Magnetars are apparent neutron stars with incredibly strong magnetic fields. Their magnetic fields are hundreds or thousands of times stronger than those even of pulsars, which are rotating neutron stars that have extremely strong magnetic fields themselves. The incredibly strong magnetic fields of magnetars powers beams of X-rays and gamma-rays, which make the radio beams of pulsars seem weak in comparison.
Quark stars, on the other hand, are heavy balls of ordinary matter where even neutron degeneracy pressure is not enough to keep them neutron stars. With the enormous pressures, neutrons break apart into their constituent quarks to form a quark star. Unlike neutron stars, the existence of quark stars is not as firmly established, although the evidence for their existence both through observations and theoretical models seems to get stronger all the time.
Computer simulations by Canadian researchers suggest that the best explanation for magnetars is that they may in fact be quark stars. Their simulations show that in a quark star, the quarks pair up to form Cooper pairs as they go into a color-flavor locked phase, which can give rise to color ferromagnetism and generate a tremendously powerful magnetic field. Cooper pairs are the basis for superconductivity and superfluidity in ultra-cold metals and helium, and likewise the color-flavor locked quarks form a superfluid inside the quark star.
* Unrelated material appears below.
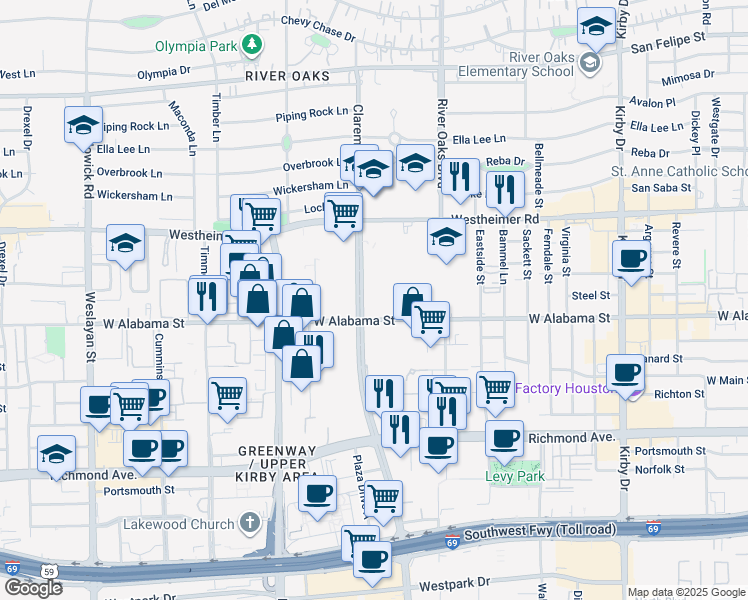 map of restaurants, bars, coffee shops, grocery stores, and more near in Houston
The core of at least some neutron stars also probably form a superfluid, as one of the properties of a superfluid is that it can only rotate at discrete speeds, which shows up as “glitches” in the period of a pulsar. What blows my mind is the formation of superfluids in neutron stars and quark stars: it boggles the mind to think of matter flowing with absolutely no resistance at all under high pressures that are beyond imagination. And it might be responsible for the high magnetic fields of a magnetar.
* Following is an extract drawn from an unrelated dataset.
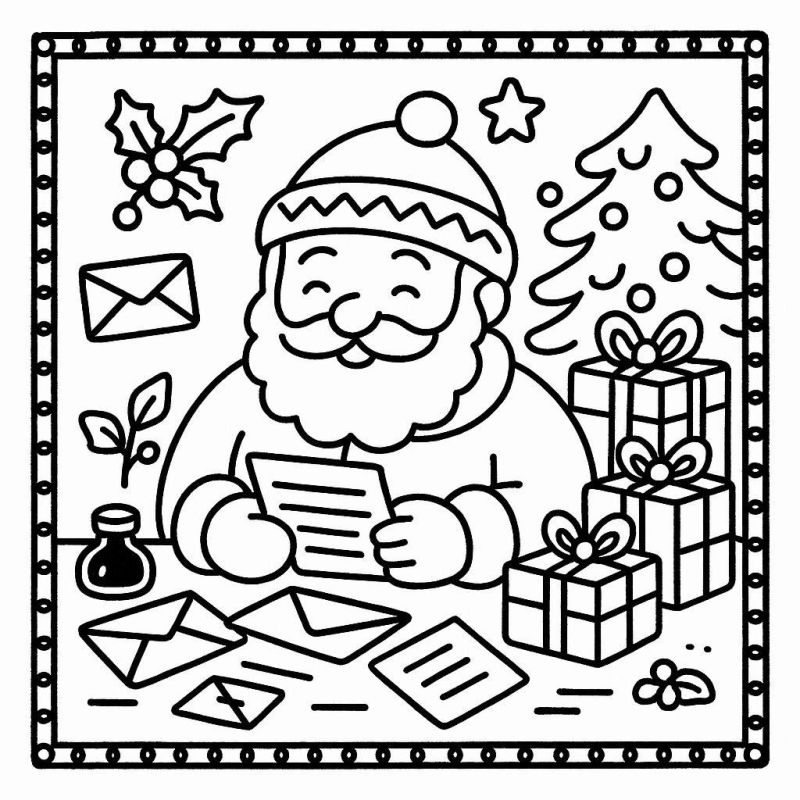 Desenho para colorir de Papai Noel com cartas de Natal e estrela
The computer simulations also suggest that it might take days to thousands of years for a heavy enough neutron star to turn into a quark star after a supernova, presumably after the thermal activity of the neutrons cool off so that the heat would no longer help prop up the neutron star. And given that less than 5% of the mass of a neutron is due to its constituent quarks, with the rest from the binding energy between the quarks and their kinetic energy, the transition from a neutron star to a quark star should release humongous amounts of energy as a significant portion of the neutron star’s mass turns into pure energy. It might even dwarf the energy released in a supernova.
This is another thing to boggle the mind: something only tens of kilometers across could release energy comparable or even larger than what a star millions of kilometers across could release as it implodes during a supernova.